Here we fixed r = 0.006, s = 4, I = 3.2, so that the resulting dynamics is chaotic64.

In all cases, the state of the system is monitored by the average synchronization error defined as

$$E={\left\langle {\left(\frac{1}{N(N-1)}\mathop{\sum }\limits_{i,j = 1}^{N}\parallel {{\bf{x}}}_{j}-{{\bf{x}}}_{i}{\parallel }^{2}\right)}^{\frac{1}{2}}\right\rangle }_{T},$$

where T is a sufficiently large window of time where the synchronization error is averaged, after discarding the transient.

Numerical integrations of the simplicial complexes of chaotic units are performed by means of an Euler algorithm, with integration step δt = 10−4, in a windows of time equal to 2T with T = 500.
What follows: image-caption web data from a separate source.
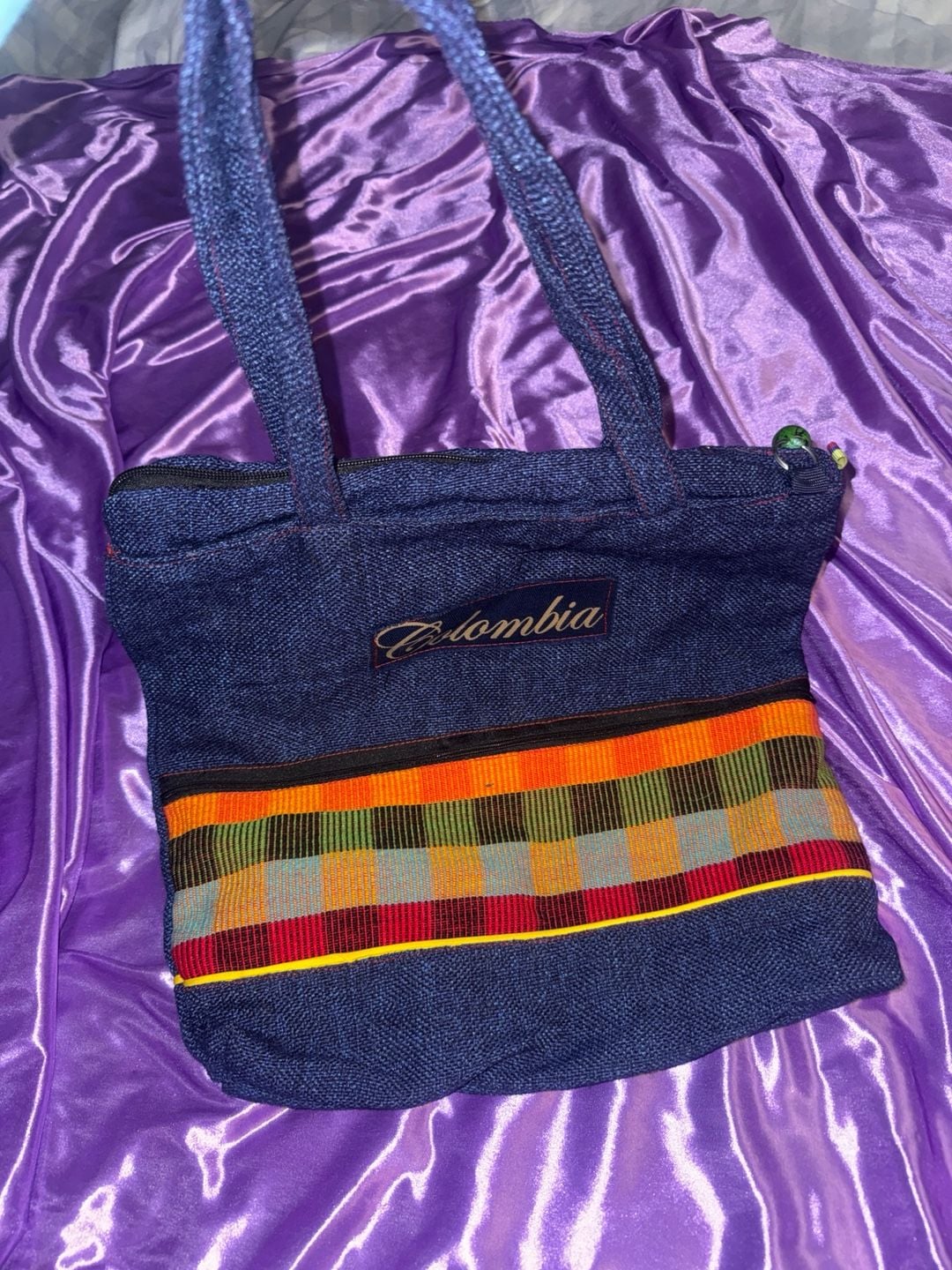 Colombian Embroidered Canvas Tote Bag with Multi-Color Woven Accent 3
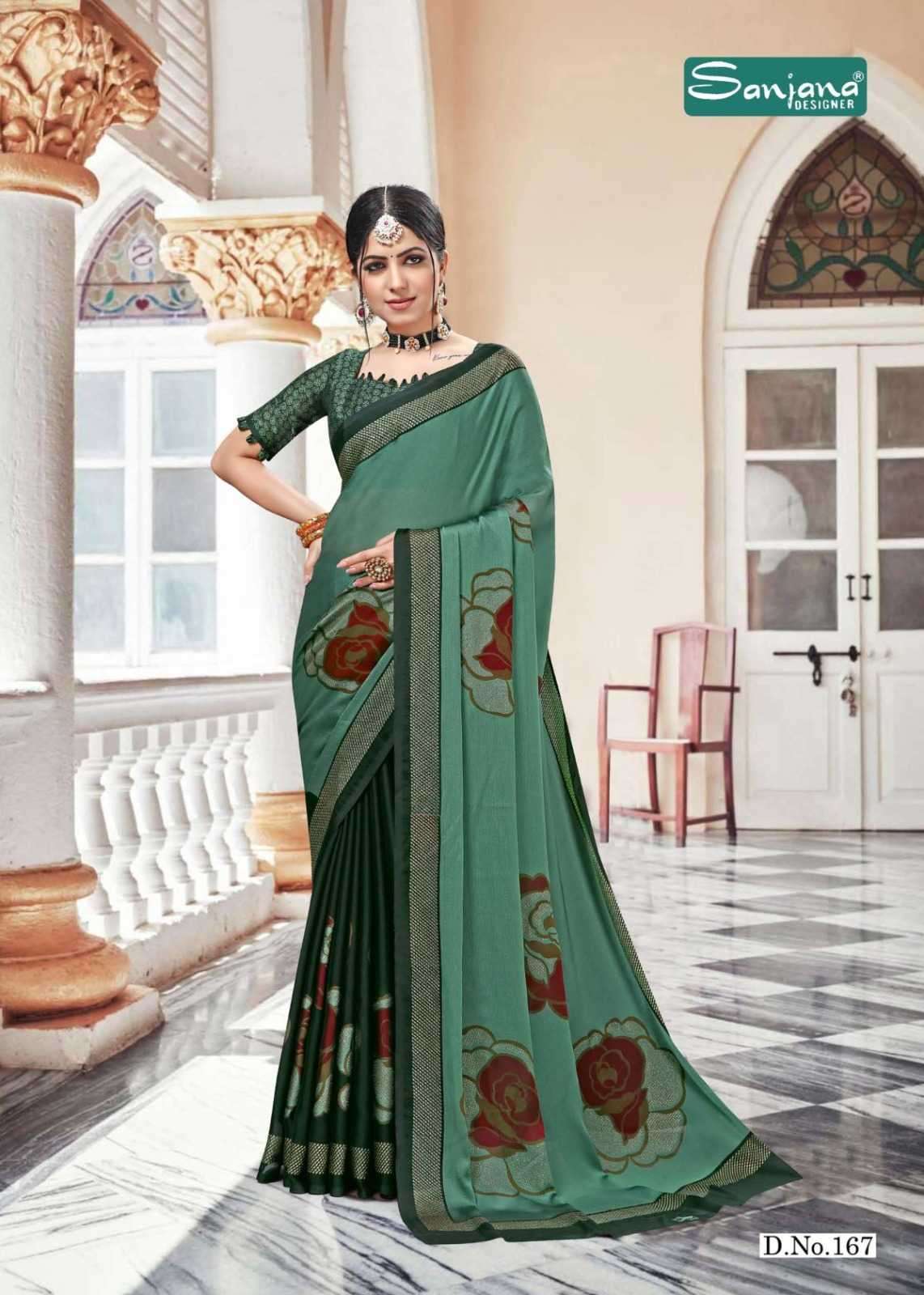 sanjana popcorn vol 28 series 163-168 moss chiffon saree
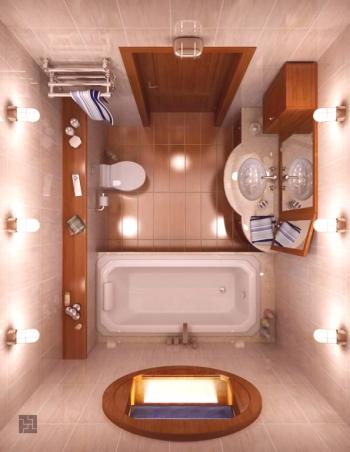 Малко места? Нямате нищо против Дизайн на банята 5 кв.м.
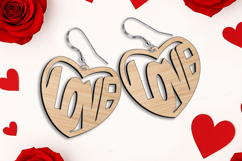 Love Heart Valentine Earrings SVG Laser Gift Romance Present Product Image 2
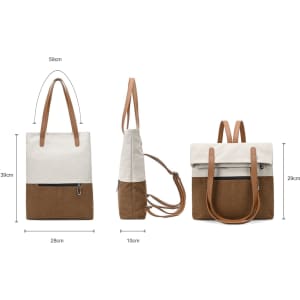 A convertible canvas backpack to tote bag in cream and brown, featuring adjustable straps and a front zip pocket.
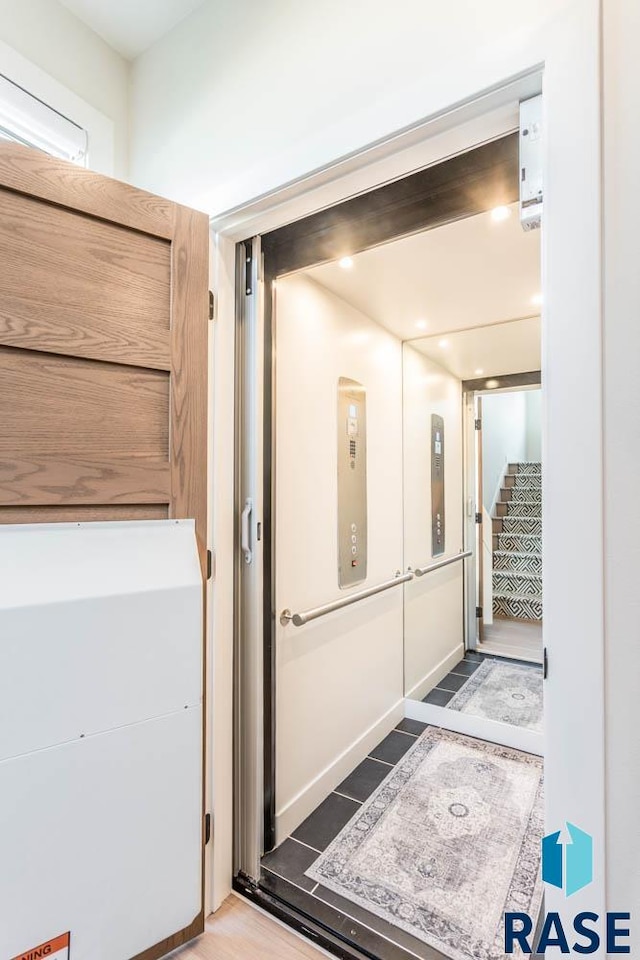 hallway featuring light wood-type flooring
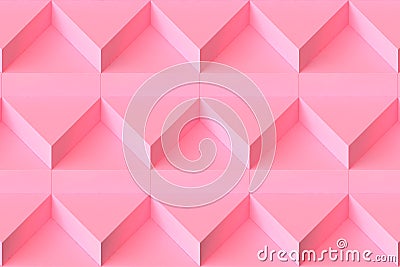 3d rendering abstract triangle modular step connection minimal pink background Stock Photo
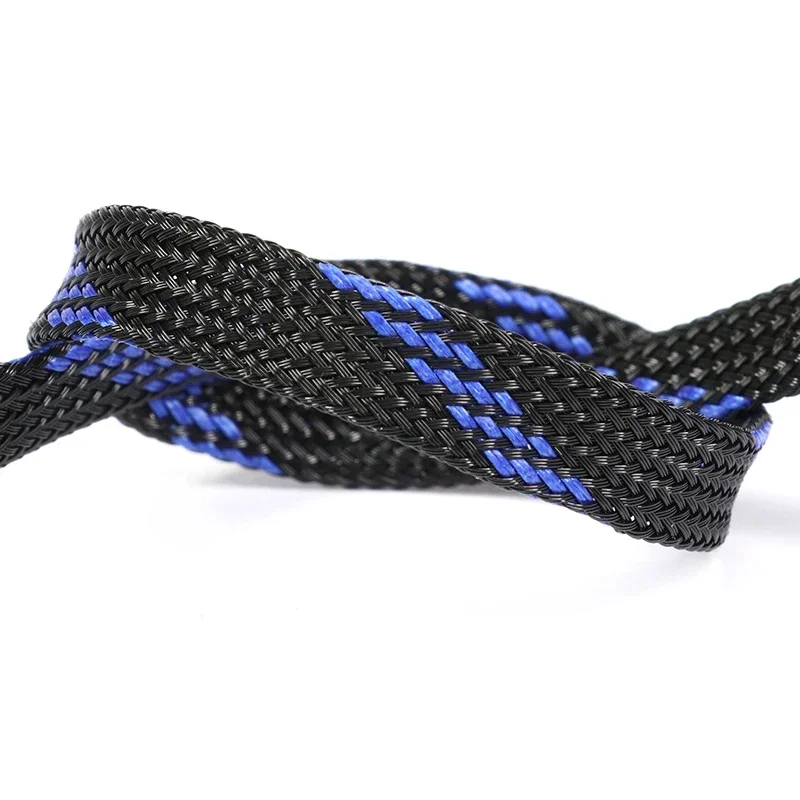 1~50m Black-Blue PET Braid Sleeves 2/4/6/8/10/12/14/16/20/25/30/40/50mm High Density Insulated Snake Skin Cable Wrap Sheath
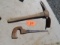 2 PC. OLD TOOLS- MATTOCKS AND SAW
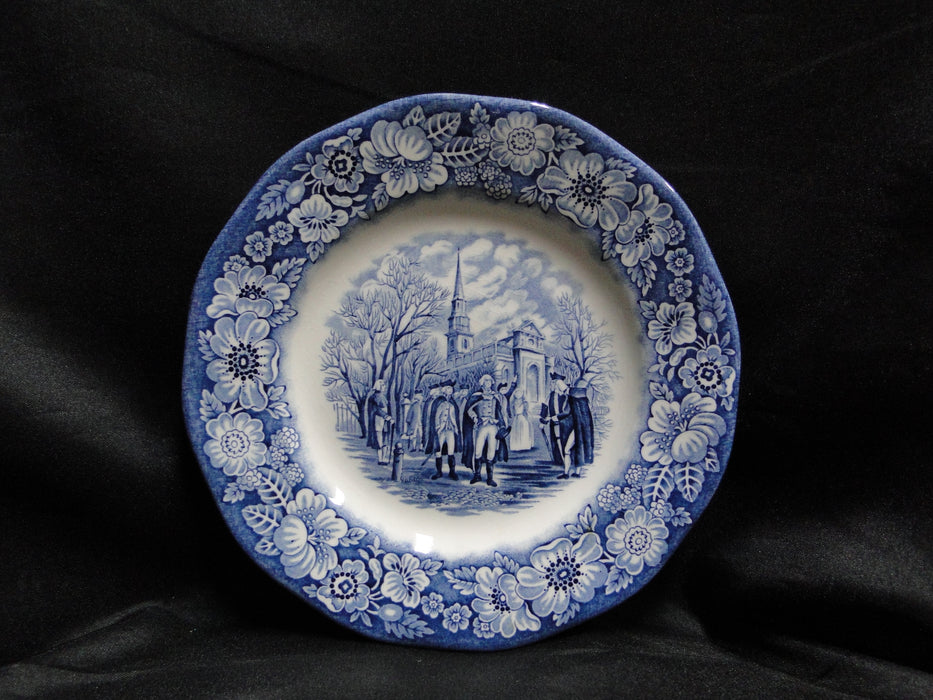 Staffordshire Liberty Blue, Blue & White Scene: Salad Plate (s),7", Crazing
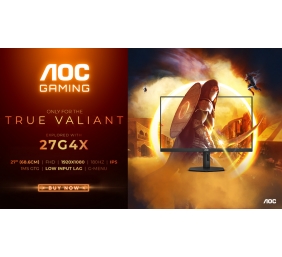 AOC | Gaming Monitor | 27G4X | 27 " | IPS | 16:9 | 180 Hz | 1 ms | 1920 x 1080 pixels | 300 cd/m² | HDMI ports quantity 2 | Black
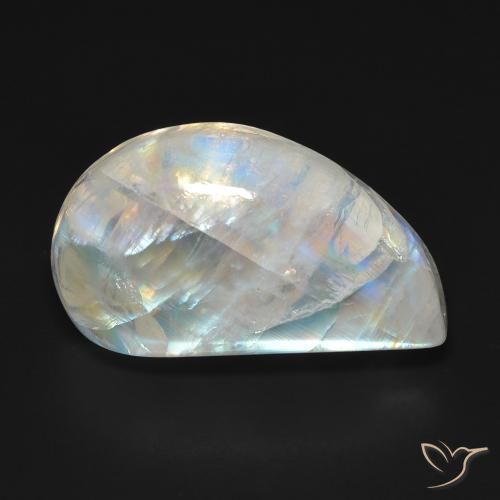 16.69ct Natural Blanco azulado Piedra lunar arcoíris, Elegante, Transparente
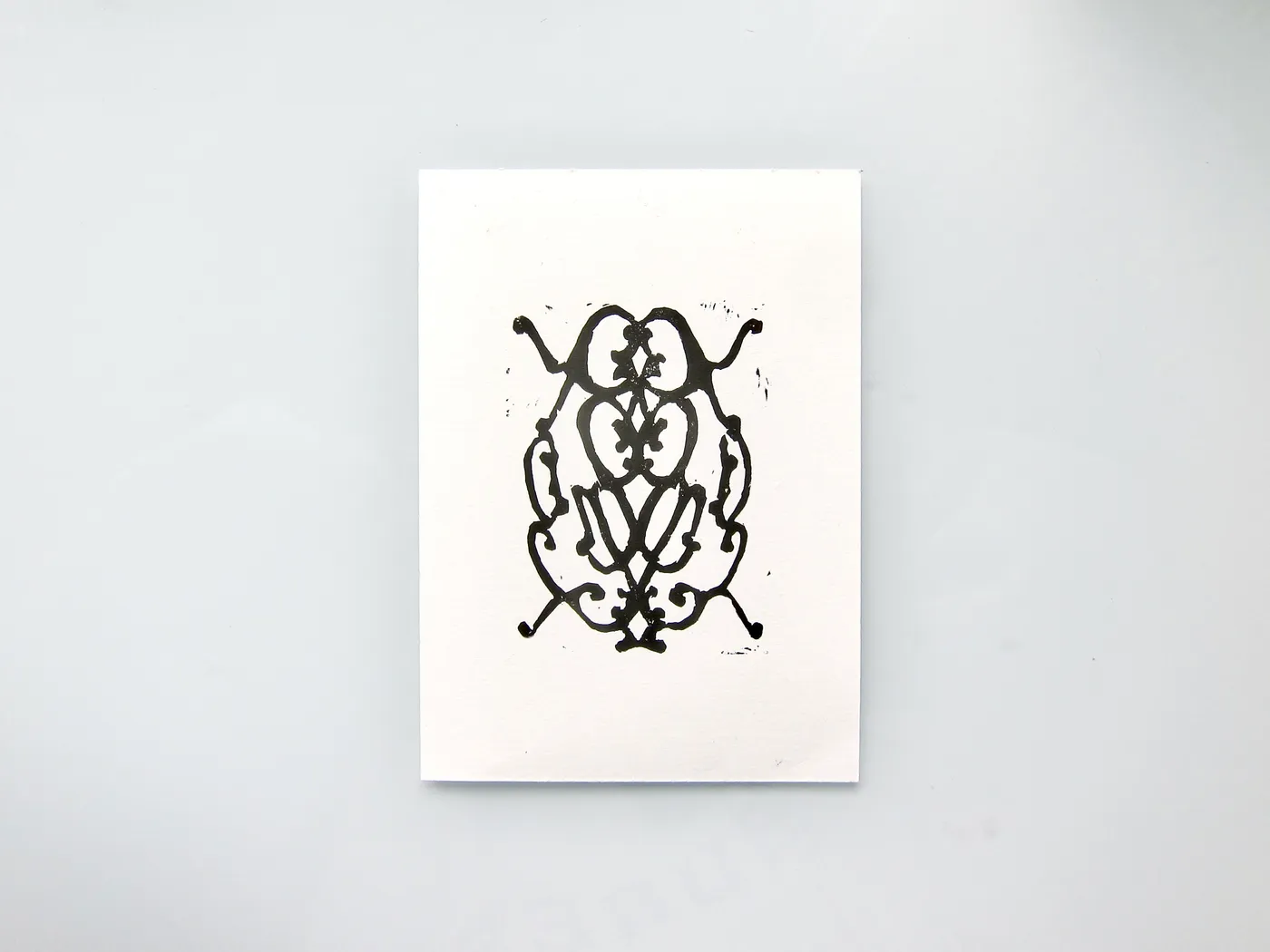 Bug linocut print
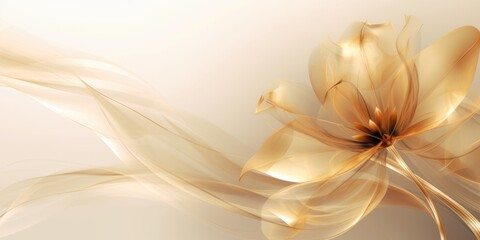 Beautiful abstract gold transparent floral design background. beautiful Generative AI AIG32
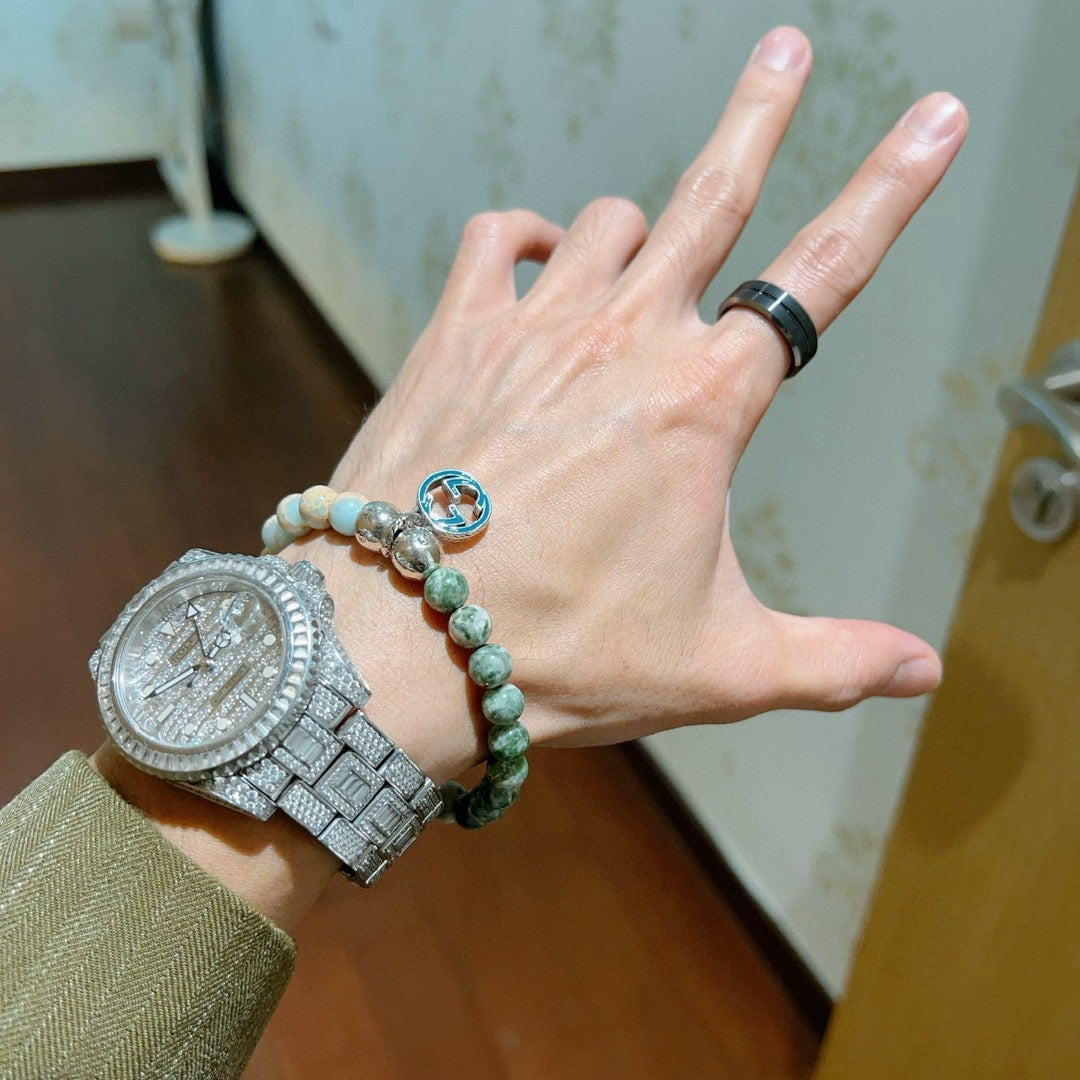 Gucci Anger Forest Serpentine Stone Crystal Distressed Bracelet - image 7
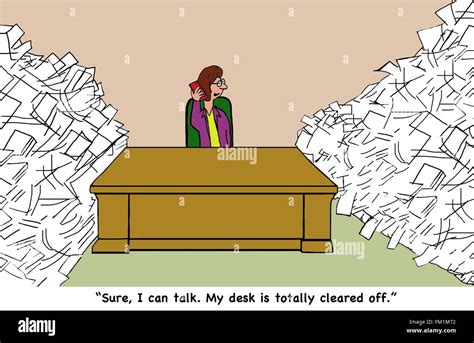 Business Cartoon About Avoiding Paperwork Stock Photo Alamy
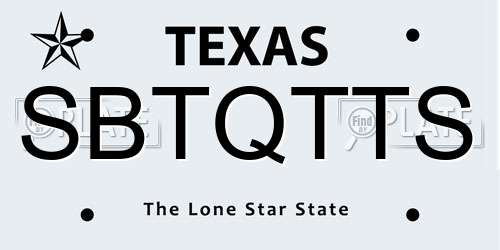 SBTQTTS Texas License Plate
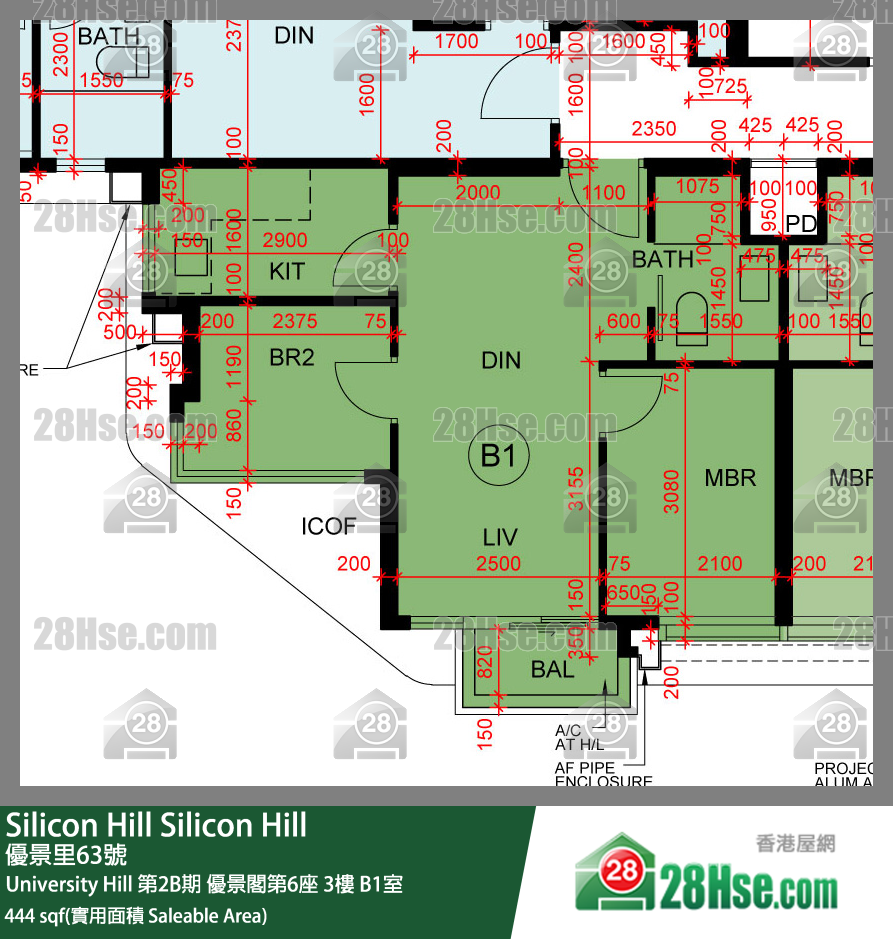 Silicon Hill, Flat B1, 3/F, Scenic Tower 6, Phase 2b FloorPlan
For the calculation of the maximum Lyapunov exponent of the transverse modes in Eq. (3) we used the algorithm reported in ref. 79 (pp. 116–117) with the following parameters: integration step size δt = 10−3, number of iterations per cycle I = 10000, number of cycles C = 5.

For the calculation of the MSF (15) we made use of the algorithm for the computation of the entire spectrum of Lyapunov exponents in ref. 80 (with parameters: integration step size of the Euler algorithm δt = 10−5, length of the simulation L = 2500, windows of averaging T = 0.9L).